La diferencia más notoria entre los gambazos de González y los de Montoro, es que este no da titulares tan buenos como el primero. ¿Cómo explicar su animadversión contra Andorra y la evasión fiscal, si allí Interior no ha desplazado a los GRS de la Benemérita, como si ha hecho en Gibraltar, para investigar qué llevan en el bolso las au pair o las dependientas de las perfumerías de Seruya? Gibraltar –aprovechó para decir el ministro el pasado martes—le provoca a España unas pérdidas próximas a mil millones de euros anuales como consecuencia de su régimen fiscal. El problema para sostener ese discurso últimamente estriba en que, según la OCDE, un paraíso fiscal es aquel que carece de impuestos y no se presta con transparencia razonable a un intercambio de información financiera. Desde hace varios años, el Peñón, sin ser el no va más de la luz y de los taquígrafos, es un centro on shore: esto es, allí se pagan pocos impuestos, pero se pagan. Y ha establecido sistemas de intercambio de información con numerosos países, pero España no lo acepta como interlocutor para no reconocerle personalidad propia en el contencioso. Andorra, en donde no se pagan impuestos, aceptó firmar un convenio para ofrecer información sobre los clientes de sus bancos, aunque –menuda paradoja-- siempre y cuando no fuera como consecuencia de delitos fiscales. De Luxemburgo y de Austria, por no salir de la Unión Europea, mejor ni hablamos.

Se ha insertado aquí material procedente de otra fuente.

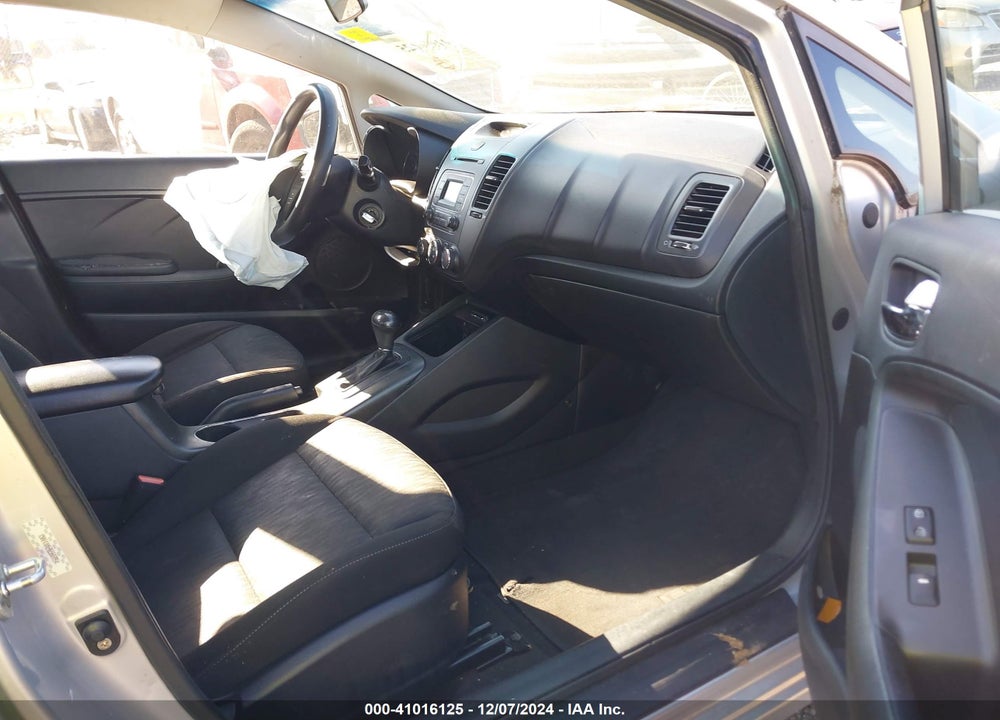 2016 KIA FORTE VIN: KNAFK4A69G5607894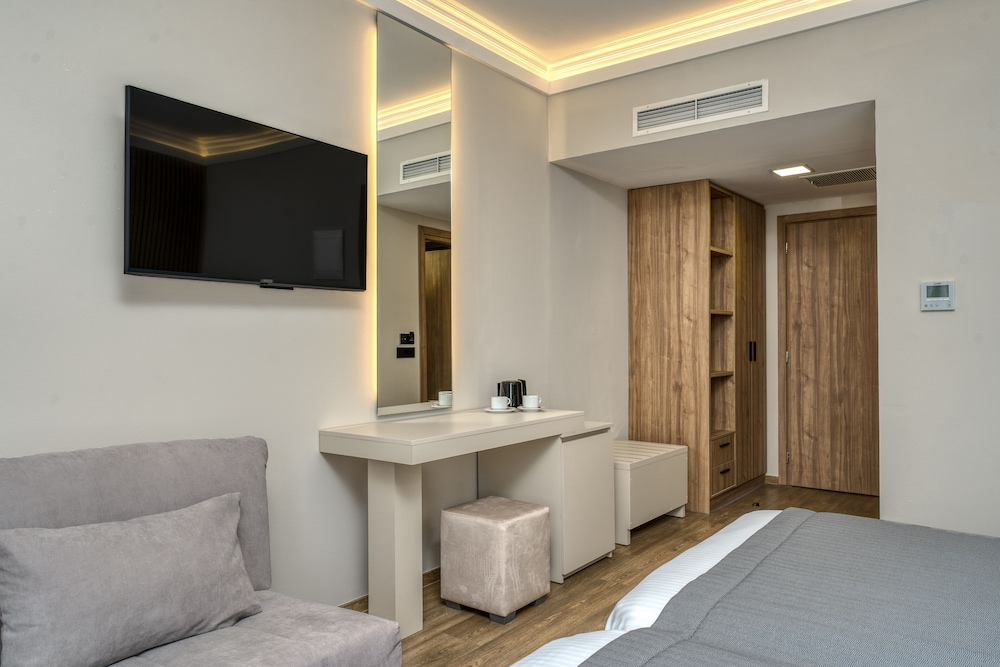 Palatino Hotel — Hotel rooms in Zante Town, Ionian Islands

Frente a todo ello, ese otro panadero llamado Montoro promete aumentar el número de inspectores de la agencia tributaria en trescientos, cuando es más que probable que en los tres próximos años se jubilen cinco mil. Y se jacta de perseguir a los grandes defraudadores cuando, a decir de sus propios funcionarios, el grueso de la plantilla se dedica al menudeo de quienes sisan unos cuantos euros en su declaración del IRPF y sólo una selecta minoría se dedica a vigilar a nuestros alcapones.

Ante este panorama no sólo sube el precio del pan sino las expectativas electorales de quienes prometen, aunque no parezca viable que puedan cumplirlo, borrón y cuenta nueva con el pasado. Tabla rasa con una forma de hacer política que pudo ser útil en otro tiempo pero que hoy se nos revela como uno de los principales lastres del porvenir. El problema, sin acritud, es que empieza a crearse una nueva mayoría que entiende que hay gatos que ya no cazan ratones. Puede gustarnos o no, pero las encuestas cada día son más claras en ese rumbo.